About this exercise >> Read through the listing below and return only the lines containing "sinh".

▼

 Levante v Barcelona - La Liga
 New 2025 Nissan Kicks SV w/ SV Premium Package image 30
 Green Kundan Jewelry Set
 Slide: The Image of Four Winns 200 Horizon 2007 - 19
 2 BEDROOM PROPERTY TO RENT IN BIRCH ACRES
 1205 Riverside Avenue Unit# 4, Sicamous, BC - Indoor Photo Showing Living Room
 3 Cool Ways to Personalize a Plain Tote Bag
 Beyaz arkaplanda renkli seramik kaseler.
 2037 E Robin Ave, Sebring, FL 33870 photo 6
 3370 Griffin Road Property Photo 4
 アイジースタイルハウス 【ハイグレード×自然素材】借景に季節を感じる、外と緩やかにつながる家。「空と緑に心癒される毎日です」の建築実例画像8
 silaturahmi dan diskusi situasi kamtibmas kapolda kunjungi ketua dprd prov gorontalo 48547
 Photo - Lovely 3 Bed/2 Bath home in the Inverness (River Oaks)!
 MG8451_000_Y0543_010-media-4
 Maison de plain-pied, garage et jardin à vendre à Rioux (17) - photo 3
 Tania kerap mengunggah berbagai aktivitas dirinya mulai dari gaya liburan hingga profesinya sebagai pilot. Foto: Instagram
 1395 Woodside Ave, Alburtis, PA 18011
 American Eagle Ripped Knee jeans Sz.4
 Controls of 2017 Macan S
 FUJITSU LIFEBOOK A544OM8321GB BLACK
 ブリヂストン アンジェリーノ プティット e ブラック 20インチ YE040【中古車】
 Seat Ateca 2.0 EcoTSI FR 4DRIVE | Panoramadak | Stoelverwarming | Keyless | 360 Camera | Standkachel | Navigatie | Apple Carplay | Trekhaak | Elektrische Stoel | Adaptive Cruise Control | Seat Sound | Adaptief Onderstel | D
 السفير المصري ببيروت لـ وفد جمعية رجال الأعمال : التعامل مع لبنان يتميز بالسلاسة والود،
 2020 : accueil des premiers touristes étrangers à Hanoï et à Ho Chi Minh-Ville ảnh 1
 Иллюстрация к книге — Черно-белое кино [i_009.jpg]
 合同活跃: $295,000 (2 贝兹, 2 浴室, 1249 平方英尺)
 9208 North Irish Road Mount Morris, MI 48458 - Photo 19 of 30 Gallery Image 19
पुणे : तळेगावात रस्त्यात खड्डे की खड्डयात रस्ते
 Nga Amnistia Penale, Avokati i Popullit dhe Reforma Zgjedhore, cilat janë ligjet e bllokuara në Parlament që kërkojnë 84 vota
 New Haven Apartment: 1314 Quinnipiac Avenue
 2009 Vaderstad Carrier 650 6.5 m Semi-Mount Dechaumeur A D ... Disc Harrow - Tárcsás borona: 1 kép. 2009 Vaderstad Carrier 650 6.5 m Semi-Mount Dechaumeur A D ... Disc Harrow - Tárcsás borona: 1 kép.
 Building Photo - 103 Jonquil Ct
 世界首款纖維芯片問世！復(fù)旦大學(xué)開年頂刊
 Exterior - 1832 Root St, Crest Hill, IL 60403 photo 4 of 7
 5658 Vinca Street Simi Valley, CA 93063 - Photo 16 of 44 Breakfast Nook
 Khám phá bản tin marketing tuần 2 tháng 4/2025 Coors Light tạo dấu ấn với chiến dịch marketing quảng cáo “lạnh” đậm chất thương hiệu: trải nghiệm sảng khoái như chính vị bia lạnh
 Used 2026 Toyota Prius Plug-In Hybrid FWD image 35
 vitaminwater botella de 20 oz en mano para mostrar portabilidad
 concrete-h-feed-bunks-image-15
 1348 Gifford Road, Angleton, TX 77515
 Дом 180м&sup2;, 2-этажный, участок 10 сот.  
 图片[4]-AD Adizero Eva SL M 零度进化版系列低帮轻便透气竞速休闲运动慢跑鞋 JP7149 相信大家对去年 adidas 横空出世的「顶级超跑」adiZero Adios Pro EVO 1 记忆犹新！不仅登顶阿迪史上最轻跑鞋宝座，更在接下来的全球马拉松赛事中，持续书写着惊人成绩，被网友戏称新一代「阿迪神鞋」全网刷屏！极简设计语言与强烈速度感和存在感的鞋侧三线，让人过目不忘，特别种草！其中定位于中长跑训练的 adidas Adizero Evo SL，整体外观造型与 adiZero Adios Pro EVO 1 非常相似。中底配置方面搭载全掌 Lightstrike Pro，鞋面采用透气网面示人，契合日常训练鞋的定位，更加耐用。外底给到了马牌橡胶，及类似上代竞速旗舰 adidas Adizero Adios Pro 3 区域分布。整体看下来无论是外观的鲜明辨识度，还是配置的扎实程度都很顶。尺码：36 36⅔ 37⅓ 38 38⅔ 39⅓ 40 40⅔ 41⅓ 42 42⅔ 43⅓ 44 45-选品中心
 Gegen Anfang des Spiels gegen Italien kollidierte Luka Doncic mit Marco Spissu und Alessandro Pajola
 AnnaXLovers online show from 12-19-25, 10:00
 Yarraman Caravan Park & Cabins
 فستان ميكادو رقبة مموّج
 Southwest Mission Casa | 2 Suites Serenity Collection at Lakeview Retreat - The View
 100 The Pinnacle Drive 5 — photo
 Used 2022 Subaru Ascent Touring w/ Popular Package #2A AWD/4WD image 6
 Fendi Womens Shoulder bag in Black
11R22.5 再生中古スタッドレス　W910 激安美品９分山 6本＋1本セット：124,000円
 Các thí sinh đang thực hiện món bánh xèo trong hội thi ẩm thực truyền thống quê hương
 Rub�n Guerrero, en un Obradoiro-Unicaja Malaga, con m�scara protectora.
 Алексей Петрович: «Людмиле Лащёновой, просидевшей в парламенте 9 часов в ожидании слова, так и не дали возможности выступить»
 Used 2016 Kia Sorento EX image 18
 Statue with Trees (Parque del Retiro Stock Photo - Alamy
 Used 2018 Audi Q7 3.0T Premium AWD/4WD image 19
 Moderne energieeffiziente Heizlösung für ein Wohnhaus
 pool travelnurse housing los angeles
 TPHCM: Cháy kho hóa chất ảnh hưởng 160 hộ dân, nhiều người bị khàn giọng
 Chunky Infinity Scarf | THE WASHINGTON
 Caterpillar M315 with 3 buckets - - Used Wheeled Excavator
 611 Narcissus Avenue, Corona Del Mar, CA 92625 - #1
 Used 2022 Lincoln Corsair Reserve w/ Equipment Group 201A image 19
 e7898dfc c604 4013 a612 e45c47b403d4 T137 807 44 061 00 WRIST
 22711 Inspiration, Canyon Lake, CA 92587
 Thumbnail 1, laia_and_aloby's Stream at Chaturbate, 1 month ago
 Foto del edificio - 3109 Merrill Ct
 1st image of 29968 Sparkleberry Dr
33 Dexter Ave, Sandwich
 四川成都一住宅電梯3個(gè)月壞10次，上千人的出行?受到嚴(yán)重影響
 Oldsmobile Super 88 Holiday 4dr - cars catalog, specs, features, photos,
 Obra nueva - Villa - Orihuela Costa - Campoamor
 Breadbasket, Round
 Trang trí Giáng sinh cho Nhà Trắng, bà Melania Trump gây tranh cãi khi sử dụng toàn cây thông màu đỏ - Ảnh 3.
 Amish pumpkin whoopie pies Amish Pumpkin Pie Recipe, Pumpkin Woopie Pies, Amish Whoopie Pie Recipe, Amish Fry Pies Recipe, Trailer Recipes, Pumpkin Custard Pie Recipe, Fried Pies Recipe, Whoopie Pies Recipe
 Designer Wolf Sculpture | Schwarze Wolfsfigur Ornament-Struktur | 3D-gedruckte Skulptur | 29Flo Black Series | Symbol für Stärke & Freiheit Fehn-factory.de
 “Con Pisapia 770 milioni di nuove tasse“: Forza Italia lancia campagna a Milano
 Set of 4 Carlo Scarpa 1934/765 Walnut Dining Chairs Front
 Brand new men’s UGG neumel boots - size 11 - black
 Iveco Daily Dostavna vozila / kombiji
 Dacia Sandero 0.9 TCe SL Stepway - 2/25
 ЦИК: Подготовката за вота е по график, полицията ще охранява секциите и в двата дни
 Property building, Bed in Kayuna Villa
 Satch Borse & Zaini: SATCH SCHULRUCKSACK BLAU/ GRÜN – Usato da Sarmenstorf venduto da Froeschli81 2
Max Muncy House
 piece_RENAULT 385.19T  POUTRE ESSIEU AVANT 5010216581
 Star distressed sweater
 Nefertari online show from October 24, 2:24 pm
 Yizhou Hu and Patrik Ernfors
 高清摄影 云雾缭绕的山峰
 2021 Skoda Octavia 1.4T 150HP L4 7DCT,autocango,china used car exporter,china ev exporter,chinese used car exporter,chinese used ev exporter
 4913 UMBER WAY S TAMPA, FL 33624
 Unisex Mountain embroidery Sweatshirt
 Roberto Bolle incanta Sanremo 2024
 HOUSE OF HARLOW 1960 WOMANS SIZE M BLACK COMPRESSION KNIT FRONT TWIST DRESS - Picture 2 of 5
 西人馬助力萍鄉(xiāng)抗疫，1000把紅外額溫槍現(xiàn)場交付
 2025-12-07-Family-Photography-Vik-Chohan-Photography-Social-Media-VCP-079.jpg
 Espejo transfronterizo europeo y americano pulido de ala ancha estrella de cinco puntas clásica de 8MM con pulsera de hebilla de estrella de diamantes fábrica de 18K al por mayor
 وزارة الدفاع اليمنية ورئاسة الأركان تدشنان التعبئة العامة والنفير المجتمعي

▲

Response to the task >>
 Các thí sinh đang thực hiện món bánh xèo trong hội thi ẩm thực truyền thống quê hương
 Trang trí Giáng sinh cho Nhà Trắng, bà Melania Trump gây tranh cãi khi sử dụng toàn cây thông màu đỏ - Ảnh 3.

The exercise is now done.